The regulation of GMOs is extremely challenging and poses difficult questions for regulators. Proper regulation requires dealing with complex scientific issues, hotly debated ethical issues and taking account of the interests not only of humans, but also of the other co-inhabitants of our unique planet.
However, whatever ones views as to the relative benefits of bio-technology, it is clear that the current South African laws regulating GMOs fall far short of the standards required by our Constitution, NEMA and international trends in this regard. In particular, the GMO Act and regulations are badly drafted, insufficiently wide in scope, woefully deficient in establishing adequate safeguards for the protection of human health and the environment, and biased in favour of the corporations undertaking genetic engineering. In short, they are not in the interest of South Africa and her people.
A complete re-evaluation of the legal framework in this regard is urgently required.
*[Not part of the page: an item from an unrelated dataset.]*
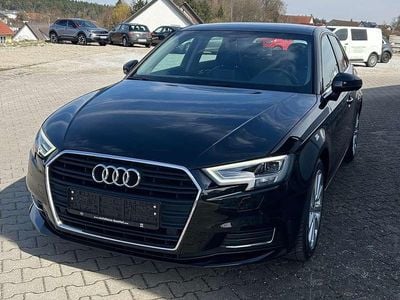 Gebraucht Audi A3 Sportback Design 150 PS (110 kW) 2018 Mythosschwarz metallic Kleinwagen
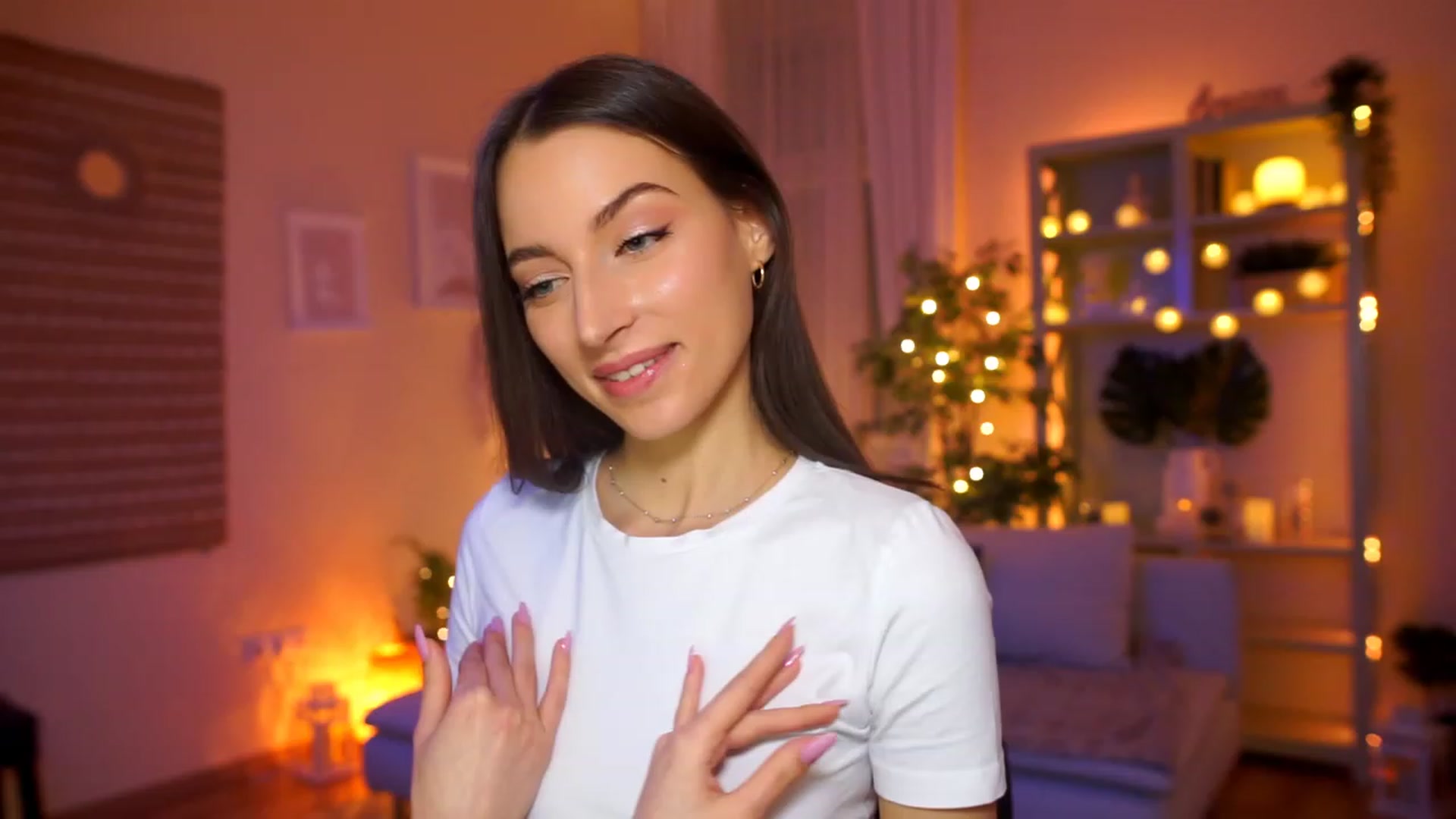Gallery image thumbnail from Emily_grey69's myfreecams stream on, 03/19/2023, 17:16 image 2 of 20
In the interim, the National Department of Agriculture should consider imposing a moratorium on the issuing of further permits and should be encouraged to implement the legislation in as transparent and as participatory a manner as possible.
|(1): Monsanto, Novartis, AstraZeneca (formed by the merger between the
Swedish company Astra and the British company Zeneca), Aventis (formed by the merger
between Rhone Poulenc and Hoechst), and Du Pont. These 5 companies account for almost all
(2) These claims are at best questionable and at worst may drecrease food security in developing countries and increase poverty and hunger. Some indication of corporate priorities can be gained by examining patent applications. A study of patent applications made by Zeneca between 1993 and 1998 indicated that most applications were intended to alter product charateristics to make crops more attractive to affluent Nothern consumers or were designed to be used in conjunction with chemicals produced by the same company. In any event, obviously the primary or exclusive purpose of genetic engineering research carried out or sponsored by the gene giants is to increase their profits.
(3) Apparently the Department of Arts, Science and Technology is currently secretly formulating a national biotechnology strategy with input from corporate interests but not from the wider public and NGOs.
(4) Aspects of this section appear to be partially unconstitutional, or at least contrary to the provisions of the Promotion of Access to Information Act which recently came into force.